One of my goals is to work with the National Council and Government to ensure that we continue to grow the manufacturing sector both in depths and scope through increase in value addition and thereby better the contribution of the manufacturing sector to the GDP.
There is also, the need to constantly improve on the technology of our manufacturers particularly today with growth in technology. It is not enough to have a factory you must also watch what technology is doing to that factory, if you don’t update your technology very soon your processes will become obsolete and therefore your products will not be competitive. To state specifically, these are some of the issues my administration hopes to bring to bear, this means of course we have two responsibilities which include: to make sure that the economic policies the Government put in place are policies that will enable us achieve our goal; and also, we ourselves must be willing to take advantage of policies, creating the right interface between sectors and the policy makers in government and ensuring that there is some level of understanding.

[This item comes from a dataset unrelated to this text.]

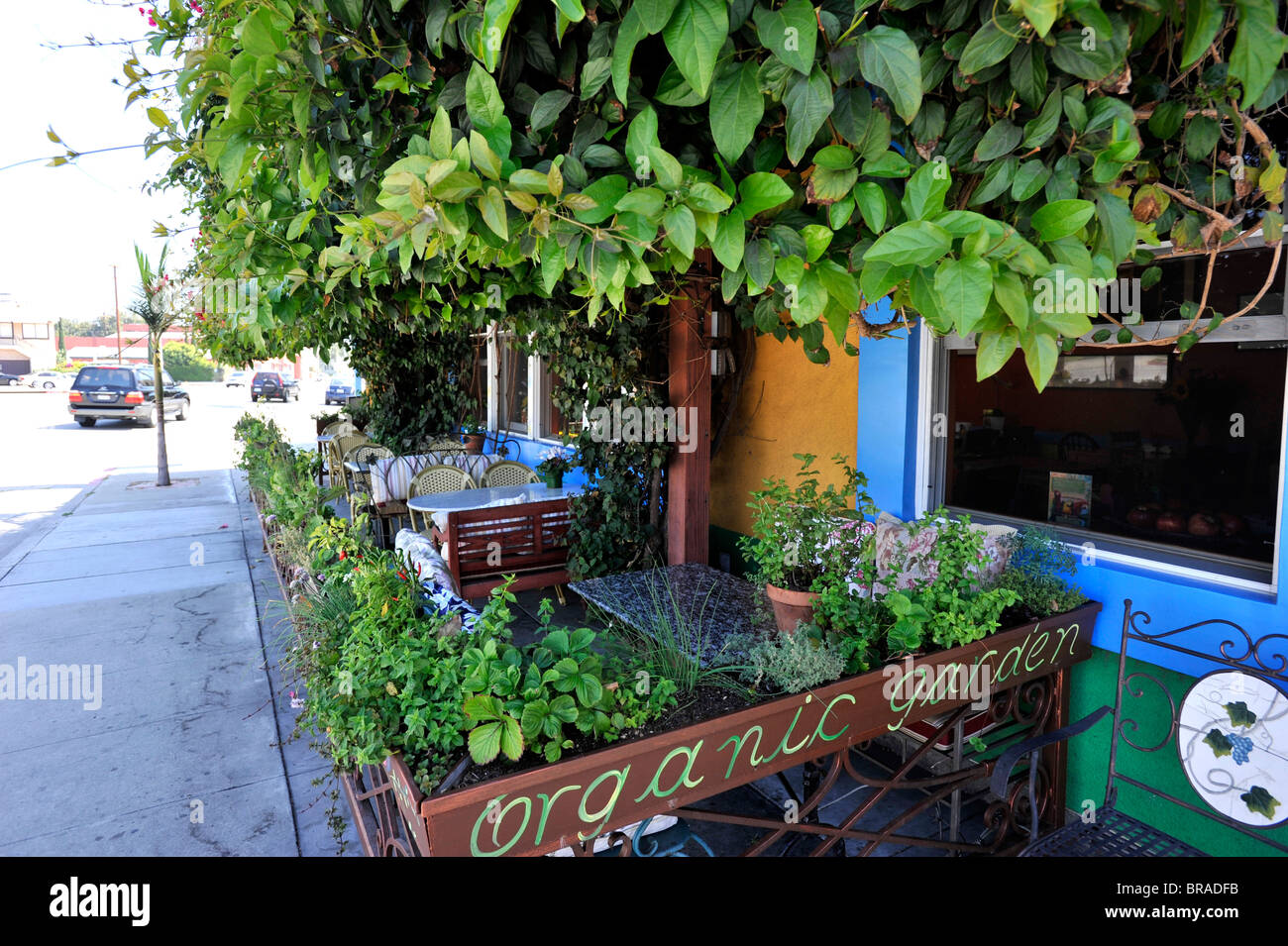 Cafe Brasil di Culver City Los Angeles è un elegante pet friendly motel-cafe. Foto Stock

What policies do you consider paramount to catalyse industrial growth?
First, we must consider what policies will make this vision feasible. When you are manufacturing, the first step is making an investment, so you want to look at the conditions that will make that investments worthwhile. The investment climate is key, and I think we all know this over the years. This government has been working on improving the business environment as there have been several initiatives to improve the investments climate and thereby making investments and businesses easier for investors.

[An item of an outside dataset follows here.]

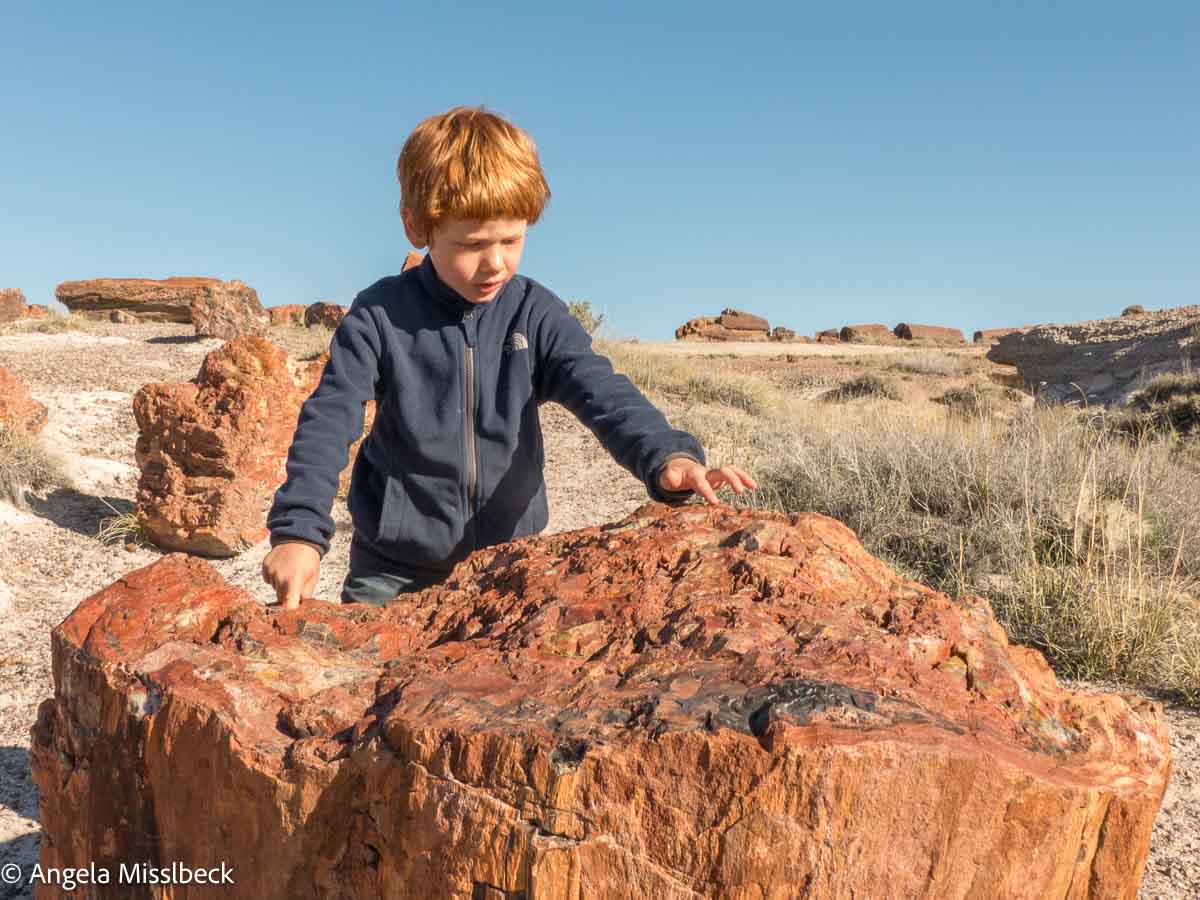 Ein Kind mit roten Haaren und einer dunklen Jacke erkundet einen großen, rotbraunen versteinerten Baumstamm in einer Wüstenlandschaft der USA inmitten des Nationalparks Petrified Forest. Weitere versteinerte Holzstücke und spärliche Vegetation sind unter einem klaren blauen Himmel sichtbar.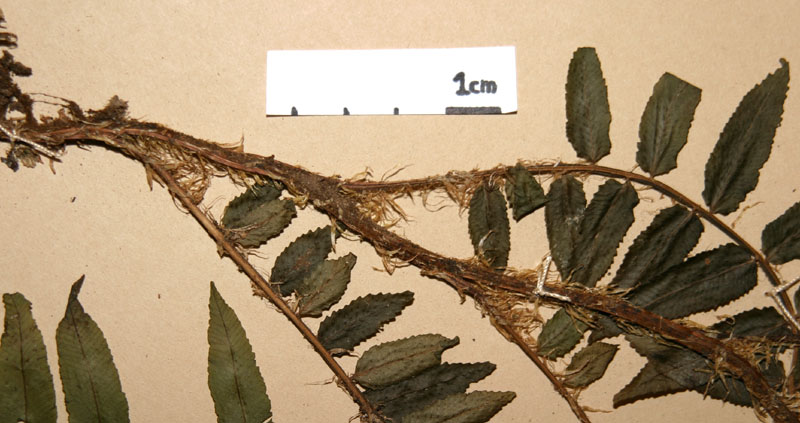 Lomariopsidaceae Lomariopsis fendleri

The second are policies governing the development of infrastructure because as manufacturers depend on basic infrastructures such as electricity, water, transportation etc. the poorer the infrastructure, the higher the cost at which they can produce and deliver products to the market. So, building infrastructure is one of the most critical responsibilities of the government for industries as a whole to be more competitive. The third is improving the spending power of the ordinary people because the higher the spending power, the more demand for products. So, putting more money in the pocket of ordinary Nigerian clearly creates more market for the manufacturers.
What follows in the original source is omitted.